> _YOUR TASK_
Leave every image behind and restate the data word for word.
+++ DATA SEGMENT +++
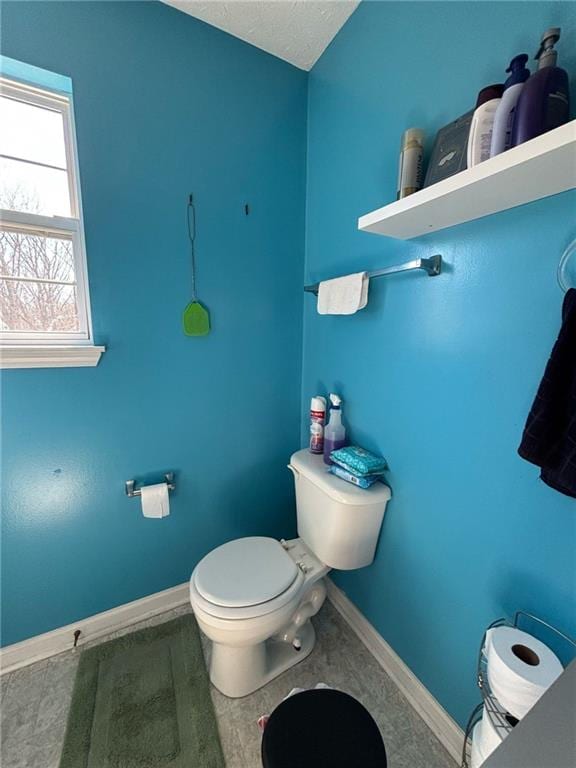 bathroom with wood finished floors, toilet, and baseboards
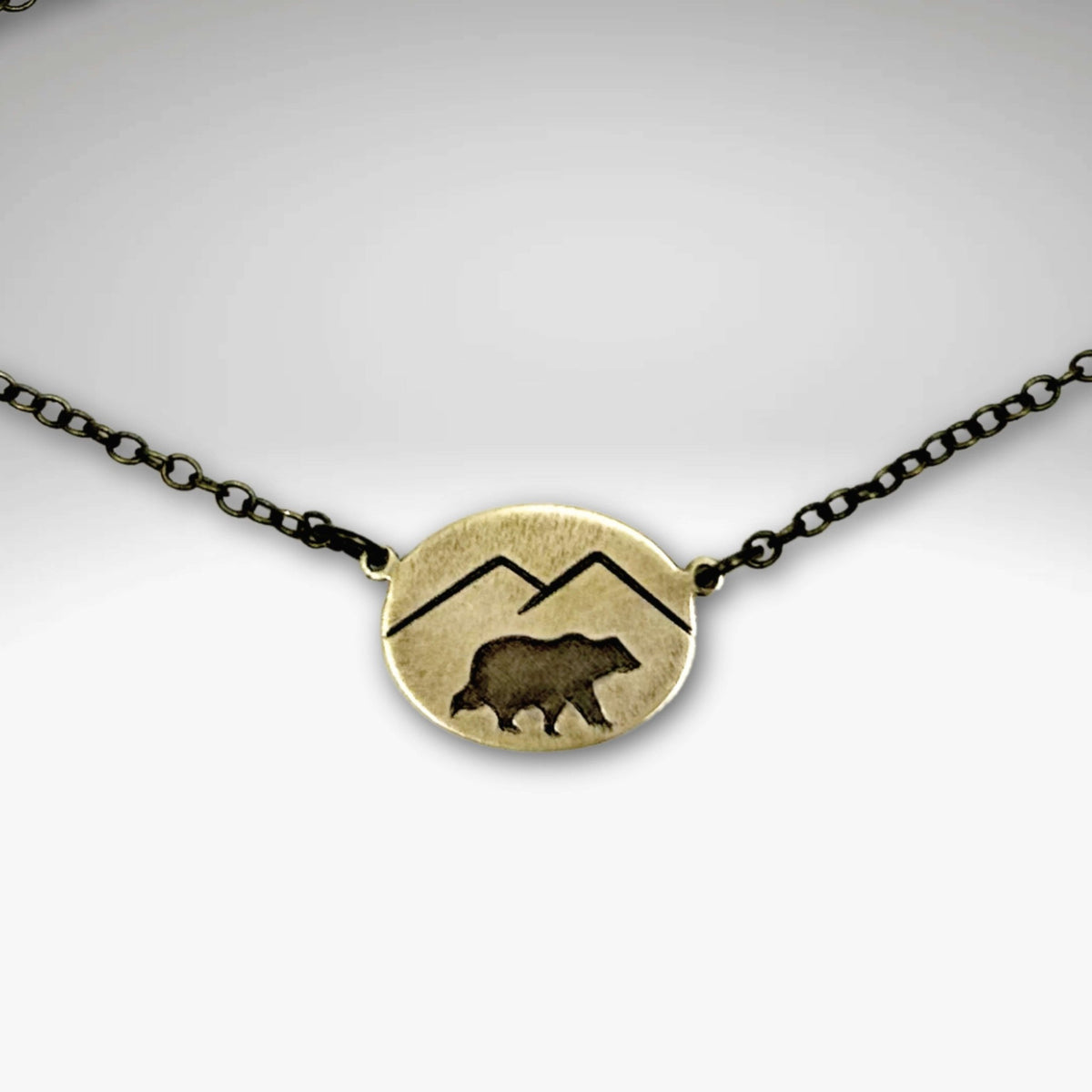 Mountain Bear Necklace showcasing antique brass finish with bear and mountain design on a black chain.
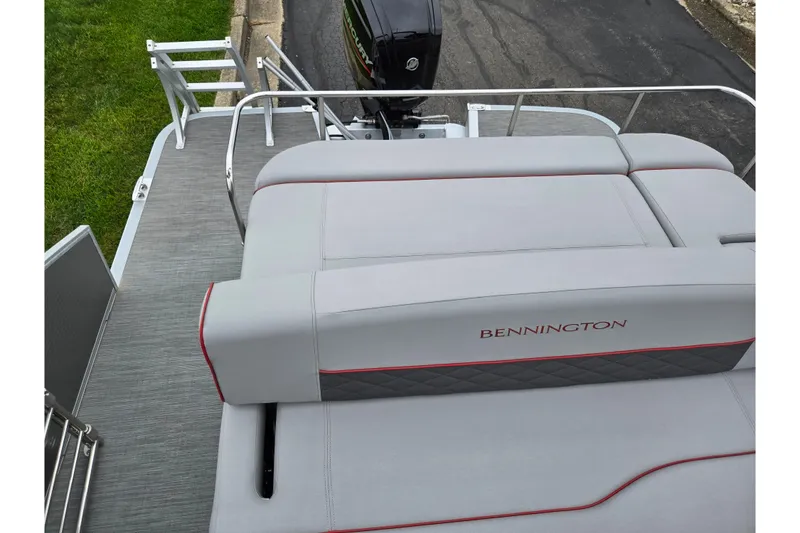 Slide: The Image of 2023 Bennington 22 LSB pontoon boat with sleek seating and modern design. - 16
+++
> _TASK SOLUTION_
 bathroom with wood finished floors, toilet, and baseboards
 Mountain Bear Necklace showcasing antique brass finish with bear and mountain design on a black chain.
 Slide: The Image of 2023 Bennington 22 LSB pontoon boat with sleek seating and modern design. - 16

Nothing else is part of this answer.